### To do
The reply should hold only the lines below beginning at the one with "Women (Grey/Silver/White Mixed)" and ending at the one with "Alaska bride and", copied exactly, with every picture left out.

### Provided records
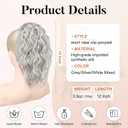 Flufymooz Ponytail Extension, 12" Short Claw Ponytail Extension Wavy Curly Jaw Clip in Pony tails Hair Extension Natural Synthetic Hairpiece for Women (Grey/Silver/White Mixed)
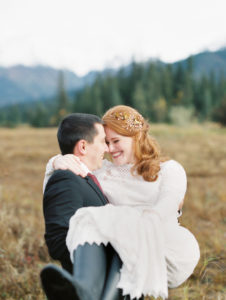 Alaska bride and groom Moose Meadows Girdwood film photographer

==

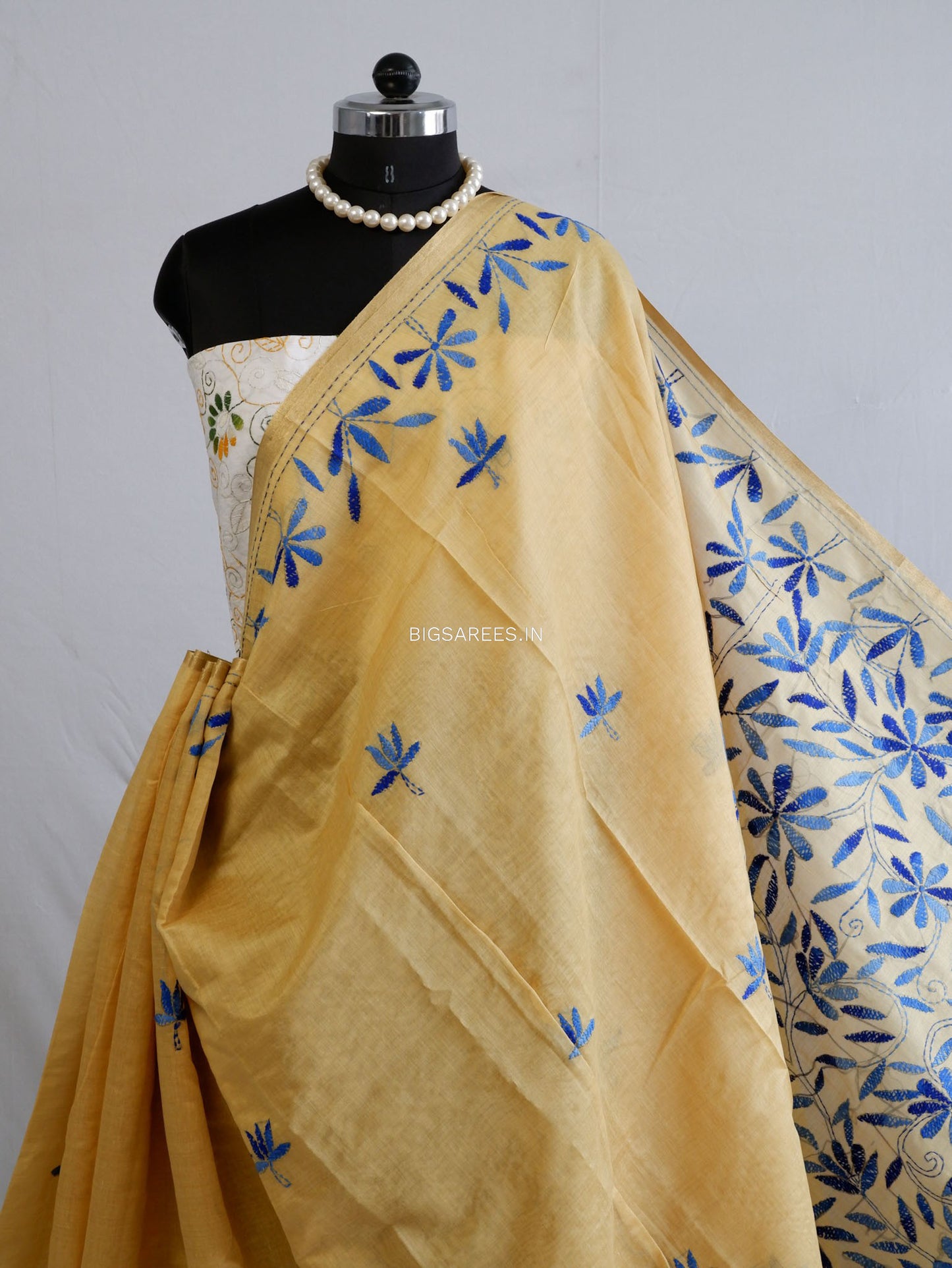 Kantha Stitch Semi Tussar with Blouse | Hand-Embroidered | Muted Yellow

### Response to this task
 Flufymooz Ponytail Extension, 12" Short Claw Ponytail Extension Wavy Curly Jaw Clip in Pony tails Hair Extension Natural Synthetic Hairpiece for Women (Grey/Silver/White Mixed)
 Alaska bride and groom Moose Meadows Girdwood film photographer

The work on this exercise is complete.